I at once, with respect to Elders, acknowledge the Traditional Owners of the lands around Brisbane, the Turrbul and Jagera peoples.
I have had the pleasure of presenting the Citizenship Awards every year since I was appointed Governor in 2014. The experience is always inspirational.
Today’s young awardees, from many schools, many parts of Queensland, and many backgrounds, have followed this excellent practical advice by an unknown author: Being good is commendable, but only when it is combined with doing good is it useful.
That idea is not damning with faint praise the idea of being good.
But it is certainly a call to action, and each of today’s award recipients has responded. Each has spent significant time and energy in making his or her school and local community better places.
That would be admirable in any situation. It is all the more admirable because secondary school students in their final years of study have many calls on their time and attention – school itself, study, exams, recreation, friends, and family, with occasional breaks for eating and sleeping.
It takes real drive and no small degree of personal sacrifice to include school and community well-being on that crowded agenda – to put into practice the ideals of citizenship.
We can be confident that the habit of ‘doing good’ will stay with these young people for the rest of their lives.
That is, in part, because it is highly likely that today’s Student Citizenship and Community Service awardees have been influenced, for good, by the important adults in their lives.
There is even some indirect statistical support for that assertion. Surveys in Australia have found, for instance, that children of volunteers are more likely than the general population to become volunteers.
And it is, in large part, because it is inner motivation, and preparedness to put real effort into supporting others in the community, that have brought today’s wonderful young awardees here today.
Those qualities will prove invaluable when these young people find their vocation in life or, as sometimes happens, their vocation finds them.
Just as importantly, those qualities will continue to provide the inner sense of satisfaction that the great European philosopher and physician Albert Schweitzer had in mind when he said: ‘I don't know what your destiny will be, but one thing I do know: the only ones among you who will be really happy are those who have sought and found how to serve.’
In order to prosper, and to remain strong and resilient, our communities need these qualities. They need to be constantly revitalised and energised by the drive and passion of young people.
I thank the Order of Australia Association for highlighting and celebrating the activities and achievements of Queensland’s young people through these awards. That, too, is an important community service.
I thank the ‘important adults’ in the lives of today’s awardees for their generous encouragement and the fine example they have set.

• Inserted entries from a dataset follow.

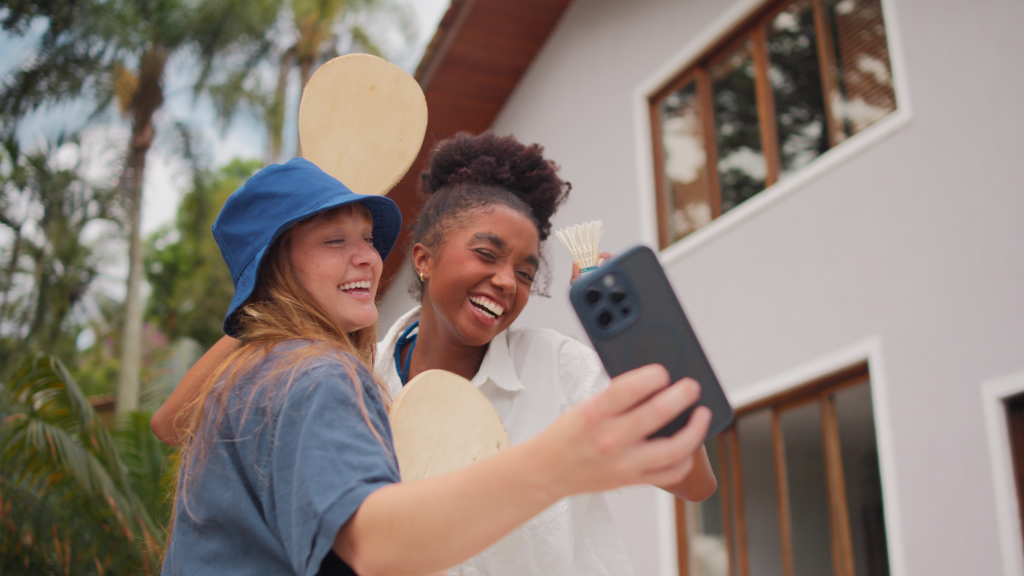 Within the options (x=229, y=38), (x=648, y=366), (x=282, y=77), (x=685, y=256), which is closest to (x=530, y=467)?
(x=648, y=366)

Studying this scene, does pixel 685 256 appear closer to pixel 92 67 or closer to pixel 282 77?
pixel 92 67

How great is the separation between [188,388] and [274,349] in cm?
65

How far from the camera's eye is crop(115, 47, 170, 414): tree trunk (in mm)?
12875

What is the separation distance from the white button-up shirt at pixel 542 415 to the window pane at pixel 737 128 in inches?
173

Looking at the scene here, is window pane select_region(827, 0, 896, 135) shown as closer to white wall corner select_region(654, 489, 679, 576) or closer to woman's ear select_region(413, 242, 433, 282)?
white wall corner select_region(654, 489, 679, 576)

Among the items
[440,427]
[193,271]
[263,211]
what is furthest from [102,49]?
[440,427]

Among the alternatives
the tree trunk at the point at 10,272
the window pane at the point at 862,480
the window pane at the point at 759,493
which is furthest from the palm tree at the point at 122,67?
the window pane at the point at 862,480

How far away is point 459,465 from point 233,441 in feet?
1.04

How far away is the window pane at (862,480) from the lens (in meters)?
4.93

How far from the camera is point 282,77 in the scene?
17750 millimetres

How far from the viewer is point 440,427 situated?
4.21 feet

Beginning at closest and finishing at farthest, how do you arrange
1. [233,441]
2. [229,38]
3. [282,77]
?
1. [233,441]
2. [229,38]
3. [282,77]

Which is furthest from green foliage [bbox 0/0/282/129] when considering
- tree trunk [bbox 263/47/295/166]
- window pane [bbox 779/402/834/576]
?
window pane [bbox 779/402/834/576]

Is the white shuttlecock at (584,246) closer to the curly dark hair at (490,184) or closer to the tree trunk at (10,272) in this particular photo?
the curly dark hair at (490,184)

I congratulate wholeheartedly the recipients of today’s awards and certificates. I commend all those who nominated, and all young people in Queensland who strive for the well-being of their communities.
You have shown how important you are to us today, and how important you will be to a better future. I thank you most sincerely for that.
On behalf of the people of Queensland, I wish you all the greatest of success in your future endeavours.